COLLECTED DATA:

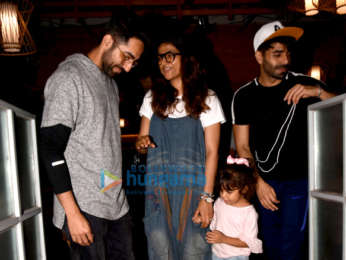 Ayushmann Khurrana and brother Aparshakti Khurrana spend time with family at Silver Beach Cafe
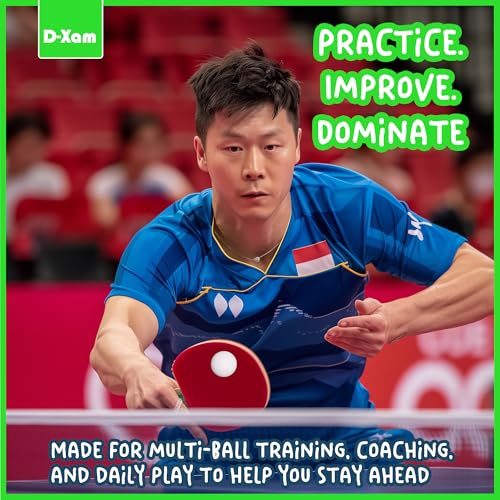 Image of D-Xam Ping Pong Balls Orange or White ABS 1 Star 40mm Official Size High Bounce Professional 50, 30 Pack Table Tennis Ball for Training & Practice - Durable High Performance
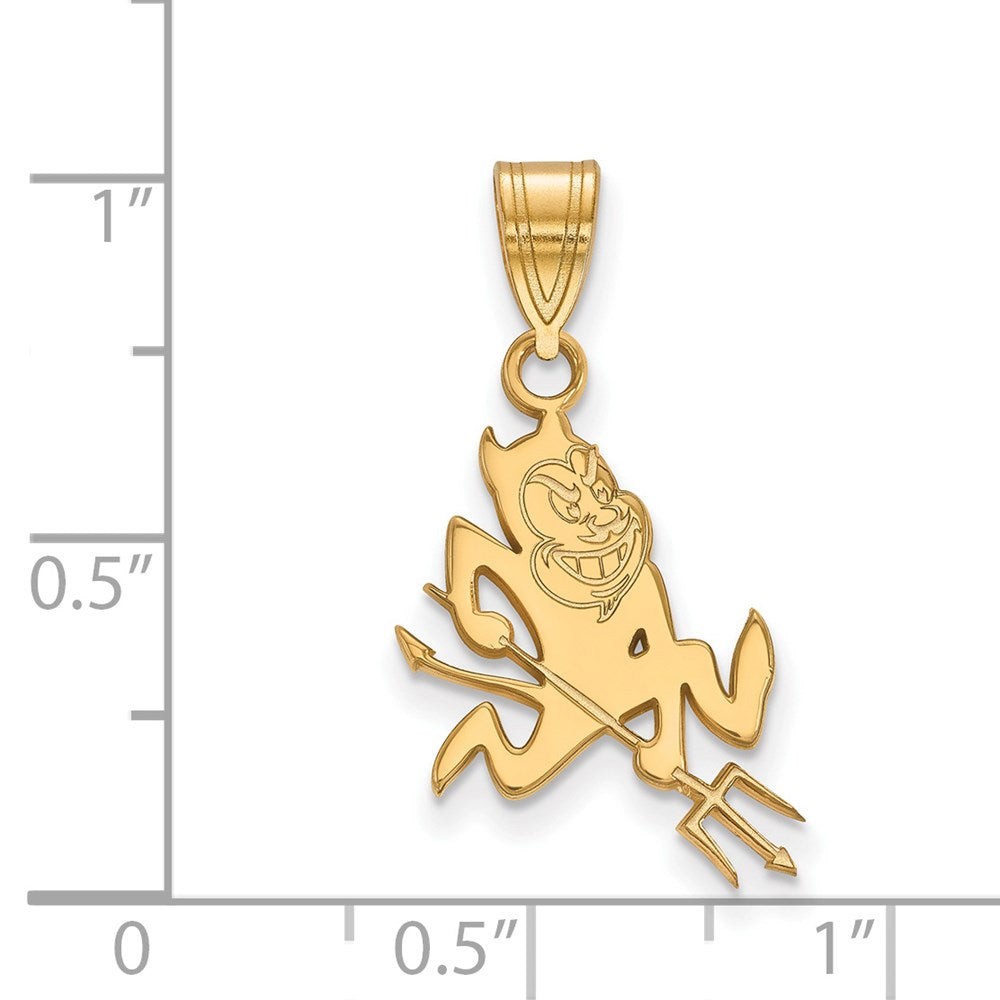 14k Gold  Arizona State University Sun Devil Medium Pendant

PROBLEM: Write out exactly, and only, the lines from the line holding "Image of D-Xam" through the end of the data, inclusive, without any pictures.

SOLUTION TO THE PROBLEM:
 Image of D-Xam Ping Pong Balls Orange or White ABS 1 Star 40mm Official Size High Bounce Professional 50, 30 Pack Table Tennis Ball for Training & Practice - Durable High Performance
 14k Gold  Arizona State University Sun Devil Medium Pendant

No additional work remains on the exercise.